La última cocina matriarcal
La receta y su técnica están custodiadas por una familia, la de la nonna Paola Abraini, considerada la gran sacerdotisa del su filindeu. Con más de 70 años, Paola ha enseñado a su hija y a su sobrina, pero no a nadie más. Y lo ha hecho por una razón sencilla: no todos pueden.
Ni siquiera grandes chefs lo han logrado. En su paso por Cerdeña, Anthony Bourdain intentó aprender a hacerla. Falló. “No se trata solo de técnica —dijo la nonna—, hay que sentir la masa en las manos, hablarle, esperar a que responda”. El propio equipo de Barilla, gigante de la pasta italiana, mandó emisarios y regresaron vencidos.
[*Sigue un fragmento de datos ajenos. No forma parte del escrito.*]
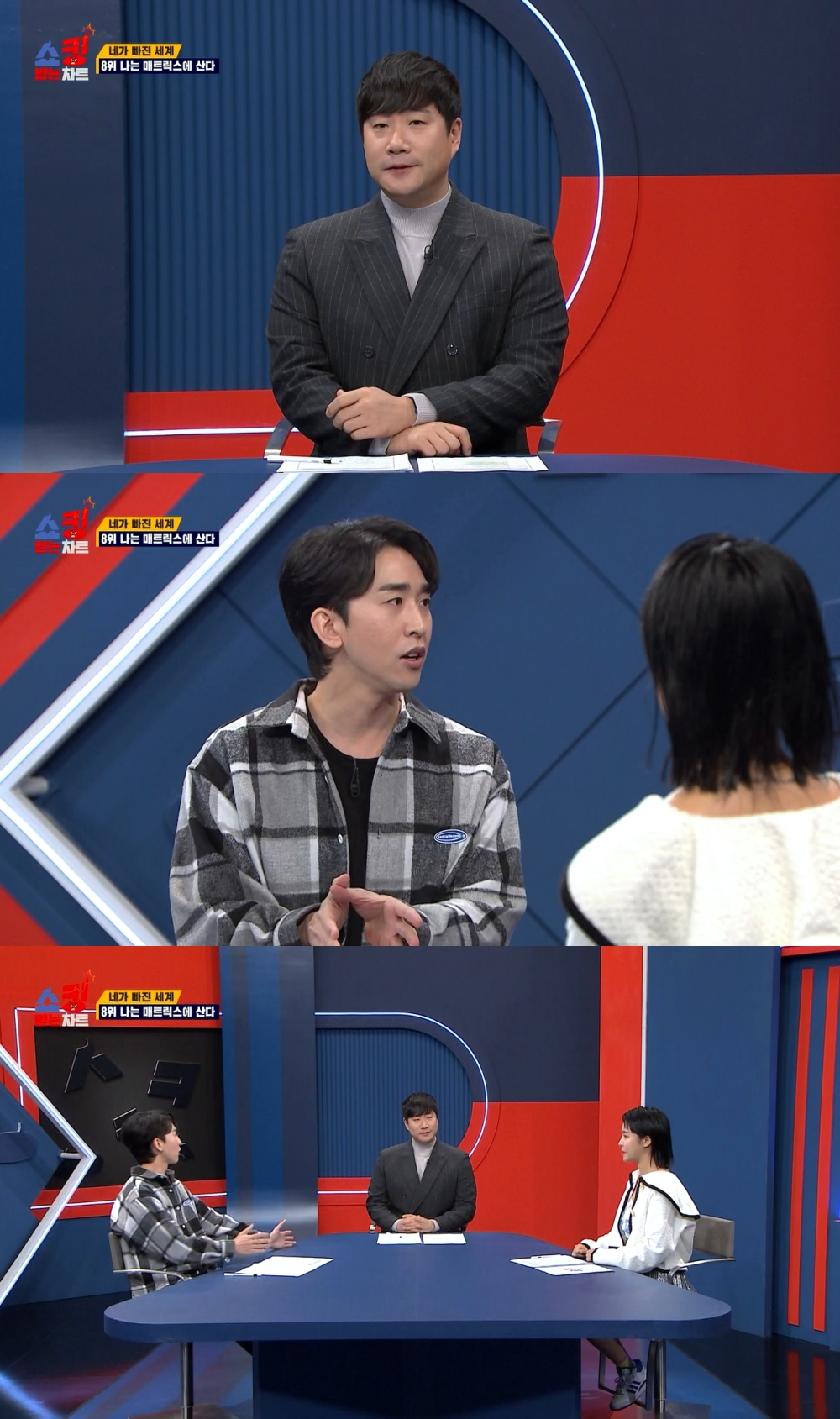 /사진제공='쇼킹 받는 차트'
Estamos frente a una de las últimas cocinas matriarcales vivas, donde el conocimiento no se escribe ni se transmite por redes. Se respira, se hereda. Se honra.
Más allá del marketing gourmet
A diferencia de muchas “excentricidades foodie” que se multiplican en reels y menús de autor, el su filindeu no se promociona. No se vende. No se industrializa. Su existencia parece desafiar el tiempo y la globalización.
En plena era de la inteligencia artificial y los fuegos de neón en la cocina, hay algo profundamente conmovedor en pensar que todavía hay comidas que no se pueden replicar sin alma. Comidas que solo existen si alguien las recuerda con las manos.
¿No será, acaso, ese el verdadero lujo?
¿Y si se pierde?
Esa es la gran pregunta. La UNESCO ya está tomando nota, y chefs de todo el mundo se ofrecen como discípulos. Pero la familia de Paola resiste. Dicen que no es tiempo aún de compartirlo con el mundo. Y quizás tengan razón.
Porque en un planeta que corre, acumula, sube y copia, la historia de una pasta que solo se teje a mano, con paciencia y fe, es un recordatorio de que no todo debe acelerarse.